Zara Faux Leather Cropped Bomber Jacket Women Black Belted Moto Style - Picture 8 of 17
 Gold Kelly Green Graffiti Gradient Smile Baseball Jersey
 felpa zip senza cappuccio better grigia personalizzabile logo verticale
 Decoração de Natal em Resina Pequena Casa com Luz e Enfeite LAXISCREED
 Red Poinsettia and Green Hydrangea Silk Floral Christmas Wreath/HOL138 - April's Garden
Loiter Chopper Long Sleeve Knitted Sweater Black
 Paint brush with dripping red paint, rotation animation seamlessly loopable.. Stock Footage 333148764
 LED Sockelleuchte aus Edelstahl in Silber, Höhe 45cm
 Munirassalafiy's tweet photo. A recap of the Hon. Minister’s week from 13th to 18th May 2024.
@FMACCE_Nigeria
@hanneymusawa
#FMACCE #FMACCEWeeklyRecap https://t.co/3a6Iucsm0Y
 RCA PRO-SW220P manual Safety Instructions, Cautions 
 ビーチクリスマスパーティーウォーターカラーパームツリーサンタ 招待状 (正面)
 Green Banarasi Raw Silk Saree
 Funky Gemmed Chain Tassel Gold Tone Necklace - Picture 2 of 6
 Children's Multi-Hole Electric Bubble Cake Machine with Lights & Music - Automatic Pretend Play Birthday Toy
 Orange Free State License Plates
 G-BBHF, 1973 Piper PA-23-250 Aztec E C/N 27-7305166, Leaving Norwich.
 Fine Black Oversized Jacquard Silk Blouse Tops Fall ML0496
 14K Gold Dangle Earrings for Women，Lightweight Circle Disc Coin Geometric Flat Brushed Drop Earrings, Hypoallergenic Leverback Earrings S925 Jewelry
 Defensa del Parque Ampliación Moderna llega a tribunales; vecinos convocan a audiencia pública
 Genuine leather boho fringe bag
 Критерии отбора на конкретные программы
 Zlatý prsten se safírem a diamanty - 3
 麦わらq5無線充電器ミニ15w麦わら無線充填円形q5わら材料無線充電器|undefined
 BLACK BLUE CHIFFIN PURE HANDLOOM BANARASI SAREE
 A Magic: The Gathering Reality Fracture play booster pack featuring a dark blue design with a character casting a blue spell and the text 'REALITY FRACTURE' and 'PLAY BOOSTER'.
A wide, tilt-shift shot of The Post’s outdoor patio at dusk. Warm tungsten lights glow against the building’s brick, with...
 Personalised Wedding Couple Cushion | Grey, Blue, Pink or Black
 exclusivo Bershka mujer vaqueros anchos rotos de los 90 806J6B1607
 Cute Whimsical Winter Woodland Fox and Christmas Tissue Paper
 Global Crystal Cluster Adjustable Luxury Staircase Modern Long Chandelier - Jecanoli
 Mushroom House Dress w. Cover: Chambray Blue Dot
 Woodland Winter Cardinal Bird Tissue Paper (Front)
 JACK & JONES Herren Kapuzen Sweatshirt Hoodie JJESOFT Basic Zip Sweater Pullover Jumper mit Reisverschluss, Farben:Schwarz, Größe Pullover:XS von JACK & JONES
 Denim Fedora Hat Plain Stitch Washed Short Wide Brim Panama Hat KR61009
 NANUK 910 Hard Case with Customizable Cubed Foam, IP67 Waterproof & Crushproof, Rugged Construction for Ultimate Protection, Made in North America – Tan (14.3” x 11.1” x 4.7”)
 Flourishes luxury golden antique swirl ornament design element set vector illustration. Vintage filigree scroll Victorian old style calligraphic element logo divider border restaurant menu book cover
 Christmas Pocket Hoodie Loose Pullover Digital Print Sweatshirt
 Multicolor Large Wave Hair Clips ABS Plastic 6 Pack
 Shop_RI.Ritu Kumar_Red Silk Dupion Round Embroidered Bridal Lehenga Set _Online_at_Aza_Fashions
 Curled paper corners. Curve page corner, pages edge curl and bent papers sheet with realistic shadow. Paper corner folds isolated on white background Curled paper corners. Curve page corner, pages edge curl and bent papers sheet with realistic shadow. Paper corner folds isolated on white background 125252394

EXERCISE DIRECTIONS ▸
Reproduce the lines above, beginning at the line with "Zlatý prsten se safírem a diamanty - 3" and stopping after the line with "Flourishes luxury golden", exactly as they are.

SOLUTION TO THIS TASK ▸
 Zlatý prsten se safírem a diamanty - 3
 麦わらq5無線充電器ミニ15w麦わら無線充填円形q5わら材料無線充電器|undefined
 BLACK BLUE CHIFFIN PURE HANDLOOM BANARASI SAREE
 A Magic: The Gathering Reality Fracture play booster pack featuring a dark blue design with a character casting a blue spell and the text 'REALITY FRACTURE' and 'PLAY BOOSTER'.
A wide, tilt-shift shot of The Post’s outdoor patio at dusk. Warm tungsten lights glow against the building’s brick, with...
 Personalised Wedding Couple Cushion | Grey, Blue, Pink or Black
 exclusivo Bershka mujer vaqueros anchos rotos de los 90 806J6B1607
 Cute Whimsical Winter Woodland Fox and Christmas Tissue Paper
 Global Crystal Cluster Adjustable Luxury Staircase Modern Long Chandelier - Jecanoli
 Mushroom House Dress w. Cover: Chambray Blue Dot
 Woodland Winter Cardinal Bird Tissue Paper (Front)
 JACK & JONES Herren Kapuzen Sweatshirt Hoodie JJESOFT Basic Zip Sweater Pullover Jumper mit Reisverschluss, Farben:Schwarz, Größe Pullover:XS von JACK & JONES
 Denim Fedora Hat Plain Stitch Washed Short Wide Brim Panama Hat KR61009
 NANUK 910 Hard Case with Customizable Cubed Foam, IP67 Waterproof & Crushproof, Rugged Construction for Ultimate Protection, Made in North America – Tan (14.3” x 11.1” x 4.7”)
 Flourishes luxury golden antique swirl ornament design element set vector illustration. Vintage filigree scroll Victorian old style calligraphic element logo divider border restaurant menu book cover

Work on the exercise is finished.